Pub Date: Aug. 18th, 2021
ISBN: 978-1-66322-734-8
Publisher: iUniverse

A memoir of one family’s struggles with numerous medical issues in the mid-2000s.

From 2005 to 2007, Kodiad worked stressful, 18-hour days as the owner of an orthotic/prosthetic facility in South Florida, traveling back and forth from his home in the small town of Jasper, Georgia, where he’d moved his wife, daughter, and mother-in-law to give them a calmer life than they found in Florida.
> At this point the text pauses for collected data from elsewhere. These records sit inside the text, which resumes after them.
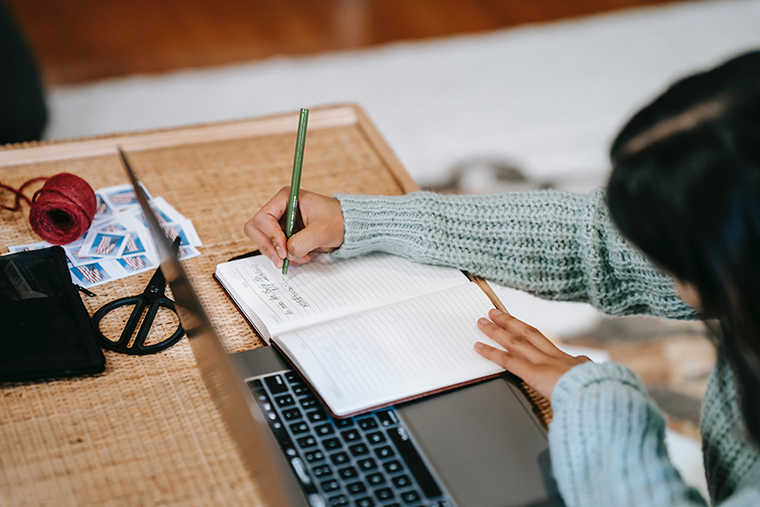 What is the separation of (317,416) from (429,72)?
2210 millimetres

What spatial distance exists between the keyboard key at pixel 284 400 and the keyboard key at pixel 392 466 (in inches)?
4.7

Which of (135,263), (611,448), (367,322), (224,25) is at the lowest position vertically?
(611,448)

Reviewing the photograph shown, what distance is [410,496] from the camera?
2.02 feet

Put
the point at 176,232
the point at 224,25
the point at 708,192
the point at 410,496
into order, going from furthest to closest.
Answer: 1. the point at 224,25
2. the point at 176,232
3. the point at 410,496
4. the point at 708,192

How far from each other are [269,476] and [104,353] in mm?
316

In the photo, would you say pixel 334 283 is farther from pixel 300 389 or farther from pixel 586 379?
pixel 586 379

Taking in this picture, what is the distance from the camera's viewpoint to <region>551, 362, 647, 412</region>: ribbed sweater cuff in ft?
2.21

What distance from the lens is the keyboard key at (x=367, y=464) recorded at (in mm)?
636

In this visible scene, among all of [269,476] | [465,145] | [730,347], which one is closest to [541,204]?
[730,347]

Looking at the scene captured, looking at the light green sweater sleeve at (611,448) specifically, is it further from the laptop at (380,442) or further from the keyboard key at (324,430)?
the keyboard key at (324,430)

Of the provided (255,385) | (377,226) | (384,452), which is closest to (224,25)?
(377,226)

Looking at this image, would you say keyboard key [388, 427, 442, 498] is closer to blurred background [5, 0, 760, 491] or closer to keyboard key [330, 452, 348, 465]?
keyboard key [330, 452, 348, 465]

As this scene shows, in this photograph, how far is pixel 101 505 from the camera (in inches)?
24.1

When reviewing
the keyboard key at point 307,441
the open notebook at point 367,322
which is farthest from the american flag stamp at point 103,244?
the keyboard key at point 307,441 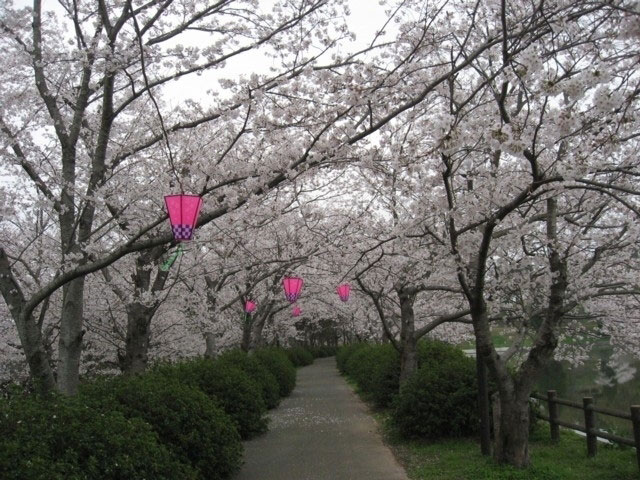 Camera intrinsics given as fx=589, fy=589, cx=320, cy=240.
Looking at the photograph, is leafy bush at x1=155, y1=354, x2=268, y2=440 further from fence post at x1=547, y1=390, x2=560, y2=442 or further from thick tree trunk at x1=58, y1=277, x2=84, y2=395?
fence post at x1=547, y1=390, x2=560, y2=442

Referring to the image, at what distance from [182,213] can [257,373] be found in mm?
9576

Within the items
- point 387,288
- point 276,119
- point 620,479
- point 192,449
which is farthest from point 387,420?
point 276,119

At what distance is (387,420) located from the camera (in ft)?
39.3

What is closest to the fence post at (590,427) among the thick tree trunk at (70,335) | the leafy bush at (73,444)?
the leafy bush at (73,444)

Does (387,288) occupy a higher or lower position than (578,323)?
higher

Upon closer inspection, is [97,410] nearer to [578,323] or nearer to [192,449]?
[192,449]

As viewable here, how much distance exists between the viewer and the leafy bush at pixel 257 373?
13.4 meters

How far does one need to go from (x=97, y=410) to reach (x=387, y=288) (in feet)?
33.4

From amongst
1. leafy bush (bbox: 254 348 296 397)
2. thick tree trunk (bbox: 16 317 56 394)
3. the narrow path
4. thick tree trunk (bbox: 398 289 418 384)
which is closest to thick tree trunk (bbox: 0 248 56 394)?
thick tree trunk (bbox: 16 317 56 394)

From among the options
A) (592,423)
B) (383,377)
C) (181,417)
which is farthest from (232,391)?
(592,423)

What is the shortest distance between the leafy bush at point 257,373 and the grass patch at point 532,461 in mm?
4316

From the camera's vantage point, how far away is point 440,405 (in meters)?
9.71

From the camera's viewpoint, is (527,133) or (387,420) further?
(387,420)

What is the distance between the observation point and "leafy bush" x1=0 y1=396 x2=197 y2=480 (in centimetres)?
376
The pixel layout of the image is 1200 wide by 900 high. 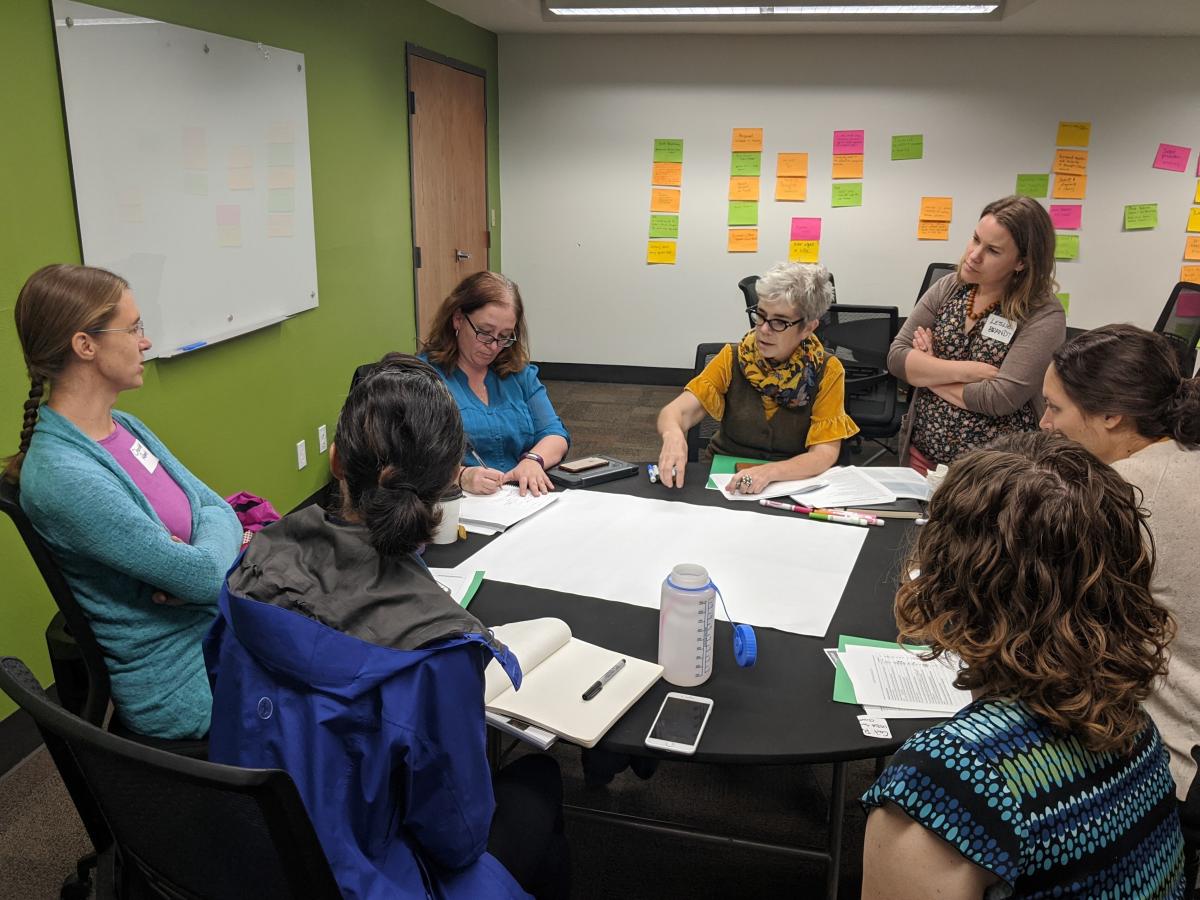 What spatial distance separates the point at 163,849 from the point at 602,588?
3.00 feet

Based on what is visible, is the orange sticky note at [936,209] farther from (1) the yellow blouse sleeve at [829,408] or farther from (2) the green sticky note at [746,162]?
(1) the yellow blouse sleeve at [829,408]

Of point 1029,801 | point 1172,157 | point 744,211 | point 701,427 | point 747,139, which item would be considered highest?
point 747,139

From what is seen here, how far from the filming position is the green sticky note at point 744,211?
20.4 ft

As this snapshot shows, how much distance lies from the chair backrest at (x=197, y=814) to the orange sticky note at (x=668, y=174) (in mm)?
5765

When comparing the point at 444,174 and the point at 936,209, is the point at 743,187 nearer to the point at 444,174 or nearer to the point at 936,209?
the point at 936,209

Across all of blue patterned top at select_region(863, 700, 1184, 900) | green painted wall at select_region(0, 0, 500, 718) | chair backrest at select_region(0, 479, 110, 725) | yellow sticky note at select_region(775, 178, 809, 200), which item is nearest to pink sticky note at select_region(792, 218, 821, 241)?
yellow sticky note at select_region(775, 178, 809, 200)

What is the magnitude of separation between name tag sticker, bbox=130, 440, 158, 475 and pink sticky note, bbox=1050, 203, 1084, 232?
5784mm

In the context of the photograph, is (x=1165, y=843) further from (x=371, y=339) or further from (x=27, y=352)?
(x=371, y=339)

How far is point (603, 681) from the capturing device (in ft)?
4.64

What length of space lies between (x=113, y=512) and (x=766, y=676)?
3.80 ft

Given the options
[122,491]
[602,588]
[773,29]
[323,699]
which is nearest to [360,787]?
[323,699]

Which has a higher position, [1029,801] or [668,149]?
[668,149]

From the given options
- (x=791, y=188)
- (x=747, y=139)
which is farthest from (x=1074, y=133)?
(x=747, y=139)

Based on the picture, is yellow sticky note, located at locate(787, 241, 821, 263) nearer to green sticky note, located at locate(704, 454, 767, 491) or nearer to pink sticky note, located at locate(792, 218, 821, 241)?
pink sticky note, located at locate(792, 218, 821, 241) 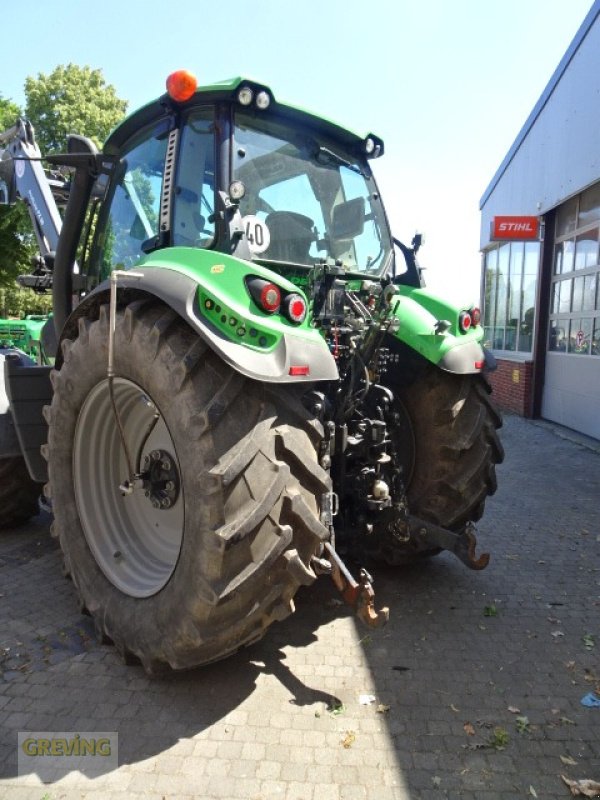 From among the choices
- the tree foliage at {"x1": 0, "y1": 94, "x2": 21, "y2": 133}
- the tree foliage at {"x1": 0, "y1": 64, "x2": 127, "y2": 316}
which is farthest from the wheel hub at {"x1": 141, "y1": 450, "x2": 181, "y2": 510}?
the tree foliage at {"x1": 0, "y1": 64, "x2": 127, "y2": 316}

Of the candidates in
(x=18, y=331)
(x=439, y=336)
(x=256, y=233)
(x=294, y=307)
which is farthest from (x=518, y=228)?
(x=18, y=331)

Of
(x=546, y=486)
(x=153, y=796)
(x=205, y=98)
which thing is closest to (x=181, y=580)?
(x=153, y=796)

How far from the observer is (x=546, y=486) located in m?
6.20

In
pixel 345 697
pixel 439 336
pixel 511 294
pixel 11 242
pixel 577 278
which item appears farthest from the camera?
pixel 511 294

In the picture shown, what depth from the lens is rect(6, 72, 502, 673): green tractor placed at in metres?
2.27

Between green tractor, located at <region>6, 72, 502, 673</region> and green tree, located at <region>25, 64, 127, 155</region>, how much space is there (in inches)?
806

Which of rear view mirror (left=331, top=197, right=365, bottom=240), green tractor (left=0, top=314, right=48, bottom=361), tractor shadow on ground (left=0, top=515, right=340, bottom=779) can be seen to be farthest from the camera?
green tractor (left=0, top=314, right=48, bottom=361)

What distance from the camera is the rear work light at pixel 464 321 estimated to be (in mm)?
3425

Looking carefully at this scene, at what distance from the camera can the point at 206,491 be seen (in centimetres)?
220

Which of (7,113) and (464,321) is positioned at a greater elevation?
(7,113)

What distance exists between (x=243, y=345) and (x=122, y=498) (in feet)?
4.64

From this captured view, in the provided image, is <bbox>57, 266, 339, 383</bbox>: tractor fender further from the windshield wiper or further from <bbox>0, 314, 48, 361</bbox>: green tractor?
<bbox>0, 314, 48, 361</bbox>: green tractor

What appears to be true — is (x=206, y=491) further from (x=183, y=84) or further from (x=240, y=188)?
(x=183, y=84)

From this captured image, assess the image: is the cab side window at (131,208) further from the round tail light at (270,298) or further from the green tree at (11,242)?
the green tree at (11,242) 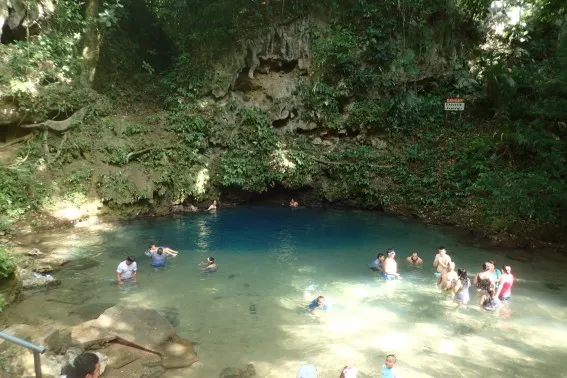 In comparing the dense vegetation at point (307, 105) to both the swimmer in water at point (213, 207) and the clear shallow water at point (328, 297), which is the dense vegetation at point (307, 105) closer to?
the swimmer in water at point (213, 207)

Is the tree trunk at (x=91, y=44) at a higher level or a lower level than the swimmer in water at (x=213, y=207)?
higher

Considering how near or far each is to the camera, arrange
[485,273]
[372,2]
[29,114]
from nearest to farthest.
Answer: [485,273] → [29,114] → [372,2]

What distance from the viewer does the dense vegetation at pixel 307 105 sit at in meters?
16.5

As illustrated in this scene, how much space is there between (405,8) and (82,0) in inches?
641

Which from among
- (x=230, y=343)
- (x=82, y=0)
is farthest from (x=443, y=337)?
(x=82, y=0)

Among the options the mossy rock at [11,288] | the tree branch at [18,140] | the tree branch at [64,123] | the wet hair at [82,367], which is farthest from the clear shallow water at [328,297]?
the tree branch at [18,140]

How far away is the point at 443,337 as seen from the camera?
9.03 metres

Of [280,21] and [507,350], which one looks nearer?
[507,350]

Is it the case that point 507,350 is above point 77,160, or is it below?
below

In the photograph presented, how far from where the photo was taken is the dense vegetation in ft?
54.1

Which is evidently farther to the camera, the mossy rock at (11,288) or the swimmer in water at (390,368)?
the mossy rock at (11,288)

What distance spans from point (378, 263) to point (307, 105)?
36.5ft

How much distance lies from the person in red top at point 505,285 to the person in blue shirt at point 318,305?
14.9 feet

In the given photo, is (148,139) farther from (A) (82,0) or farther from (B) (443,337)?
(B) (443,337)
The two-year period ended with the author having a mental breakdown and threatening to jump off of a 13-story building, with police and news crews nearby. Following those dramatic events, the author moved permanently to Georgia and gave his wife “what she really wanted and deserved—a divorce.” The two remained friends, however, even after Kodiad fell in love with and married Kanyon, a local teacher and cheerleading coach who had two young children. Kodiad’s brother, Robert, moved to Georgia from North Carolina, but soon suffered a life-threatening vertebrae injury—one of several excruciating medical ordeals that befell the author and his family members, including his mother, his father, Kanyon, and Kanyon’s daughter, Brayly, the last of whom dealt with a dangerous misdiagnosis after a scan discovered a spot on her brain. Kodiad asserts that it must have been “divine intervention” that drove him to tell his story—a term that gives the work its title; he says he wrote it while feeling inexplicably like “an eighteen-year-old on an eight ball of cocaine.” The prose does have tremendous energy, especially in early chapters detailing his breakdown, which he narrates swiftly and with sharp, self-deprecating wit. However, this same energy leads him to jump around in time and go off on tangents, and, as a result, it can be hard to follow such basics as where people live or when certain events happened. That said, Kodiad holds nothing back in this remembrance, which includes some graphic medical details, and he manages to pack a lot of candor into a brief book.

A frank, but sometimes-disorganized, account of mental and physical illnesses.